In November, the MBA (Mortgage Banker’s Association) reported 9.75% of combined loans at least one payment past due or in foreclosure on residential 1-4 property, the lowest in five years.
While these numbers are down from the highs of almost 15% in 2010, there are still plenty of mortgage delinquencies on the books. As a note broker or buyer you will certainly run across this inventory prompting this recent question from a member of the Finding Cash Flow Notes Training.
What about buying or brokering non-performing and defaulted notes?
I was at a local REIA club Monday night and was talking about my new ventures into the note business with someone I’ve been doing bird dogging with. She was very enthusiastic about notes, which was encouraging. She said she also knew some people who were working with non-performing notes and that if I got into that she wanted to have first dibs on my foreclosures.
I was wondering about your feedback on delinquent notes.
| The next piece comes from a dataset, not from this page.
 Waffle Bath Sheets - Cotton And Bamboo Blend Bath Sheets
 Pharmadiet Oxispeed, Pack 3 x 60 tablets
I had seen marketing materials for courses like that, but had thought that the 20% that they say could wind up in foreclosure was actually kind of risky. From my experience on my job, I’ve gotten kind of gun-shy about REO’s, finding them to be a hidden sand (mold) trap. But maybe these investors love that sort of challenge? I also wonder that the attorney fees to go through a foreclosure couldn’t eat me up alive, especially if I hit the 20% of foreclosures before I got to the 40% of re-performing
They make it sound so profitable and yet I wonder that so many of you who are in the business long-term don’t seem to want to touch them.
What are your thoughts on non-performing notes?
Finding Cash Flow Notes Member
My Thoughts on Delinquent Non-Performing Notes
Thanks for the great question!
The non-performing note market takes a different group of investors.
Performing note buyers are looking for the cash flow. They want to feel reasonably comfortable that the payment will arrive each month.
Non-performing note buyers assume they will get the property back (yes some become re-performing but always assume worse case). They are buying assuming there will be foreclosure costs, repairs, surprises, more surprises, and marketing/hold times before they can resale or restructure.
It’s not that one is right and the other is wrong. It is just a different set of investment criteria and usually one investor doesn’t buy both types of notes. For more details on types of notes check out this article: http://noteinvestor.com/notes-101/define-private-mortgage-notes/
It’s also a personal preference (cash flow investing vs. discount property/fix/flip investing).
When the competition started heating up between real estate investors on foreclosure properties some discount property buyers shifted their attention from REO inventory and foreclosure sales on the courthouse steps to the source… delinquent, defaulted, or non-performing notes.
We focus on the performing seller financed note market, which is also the focus of our training course. From time to time we have personally been involved in REO or non-performing note deals but they are very close to home. I find they are extremely difficult to manage outside your own area. The length of time and legal fees associated with a foreclosure can also very greatly by state.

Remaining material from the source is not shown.